==== DATA ====

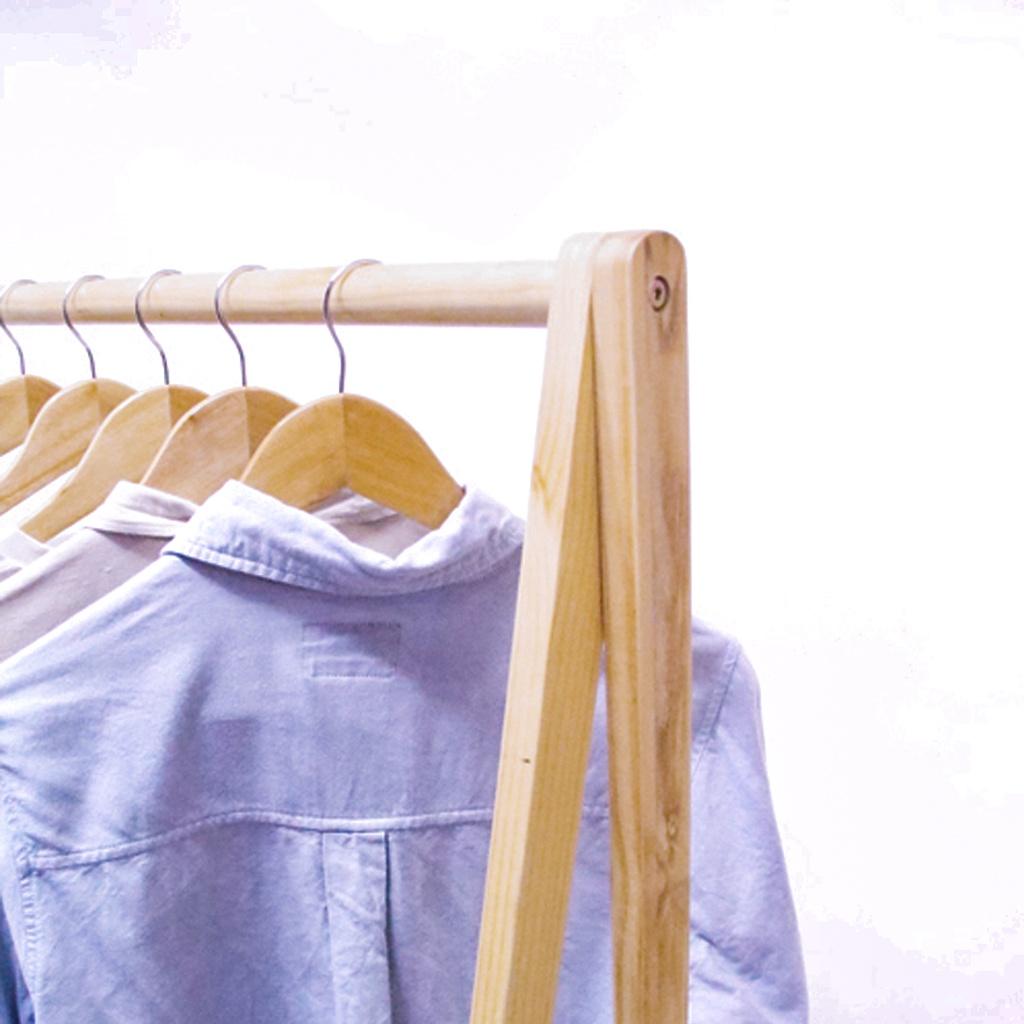 Giá Treo Quần Áo Gỗ - Kệ Đa Năng Gỗ Thông SIZE L-1 tầng - Size M 2 tầng 100% gỗ thông nhập chống mối mọt
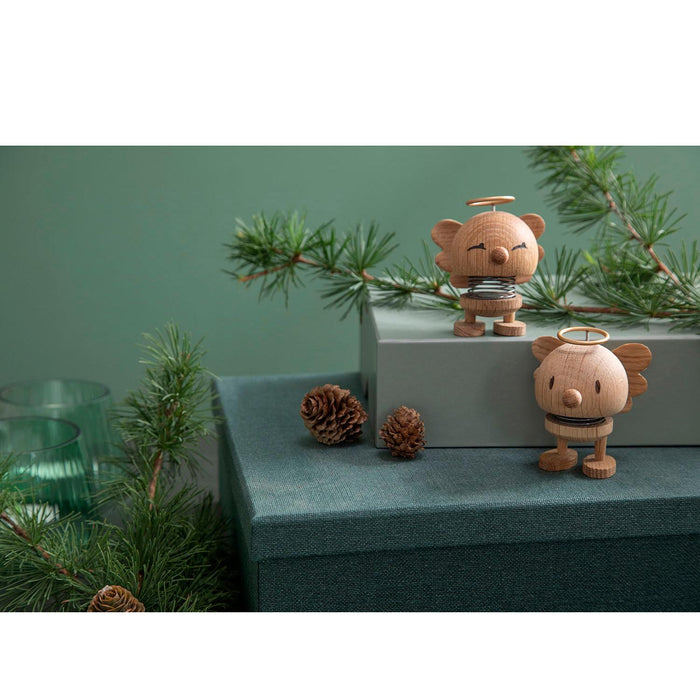 Hoptimist Angel Bumble Hoptimist 4,5 x 5,8 x 7,5 cm S Oak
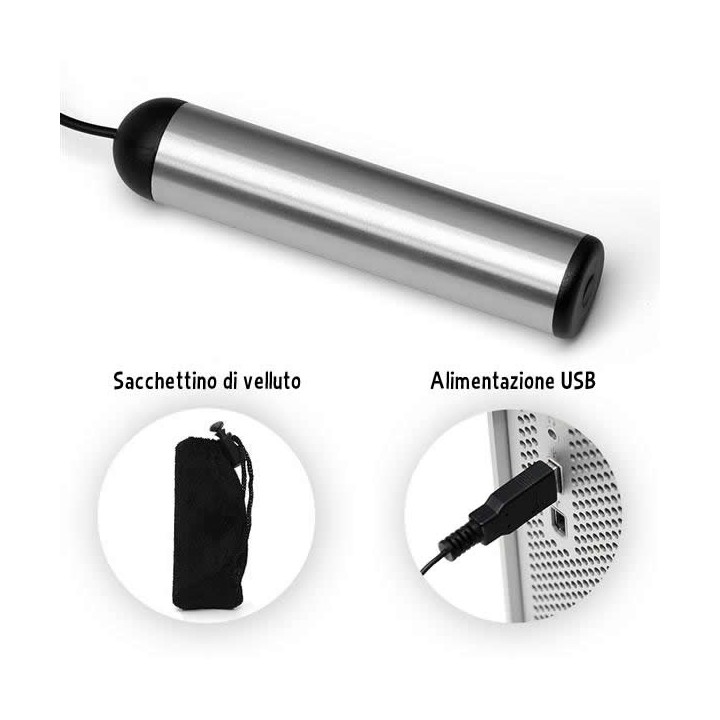 Scaldamani USB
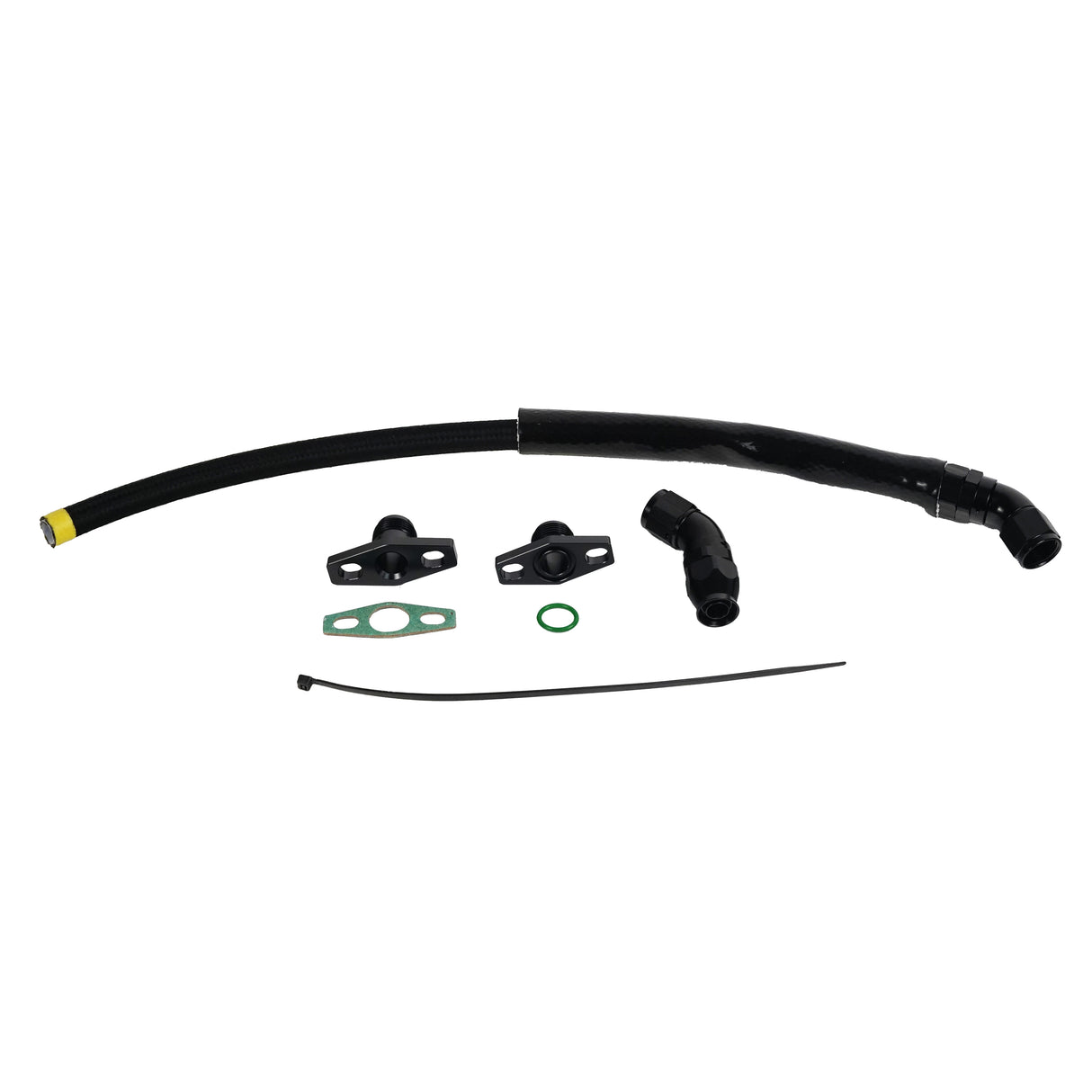 DPP RS Turbo Oil Drain Line Kit For Ford Falcon XR6 BA/BF/FG FPV F6 with GT3576/GT3582/GT3584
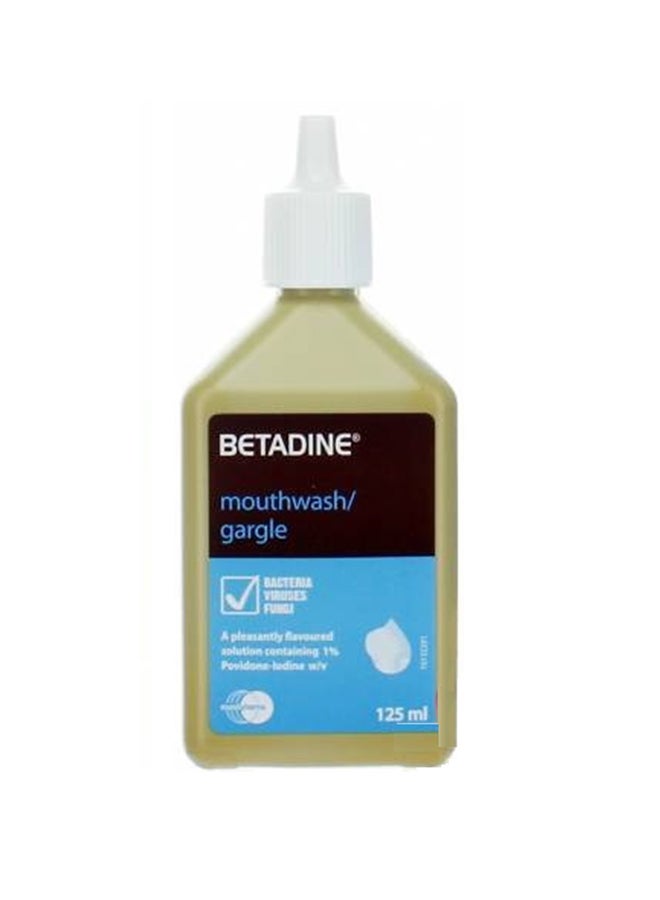 BETADINE Mouth Wash 125ml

====

▸ **DIRECTIONS**
This task calls for the lines from the line holding "DPP RS Turbo" through the last line above, restated word for word with both ends included and the pictures dropped.

▸ **OUTPUT BELOW**
 DPP RS Turbo Oil Drain Line Kit For Ford Falcon XR6 BA/BF/FG FPV F6 with GT3576/GT3582/GT3584
 BETADINE Mouth Wash 125ml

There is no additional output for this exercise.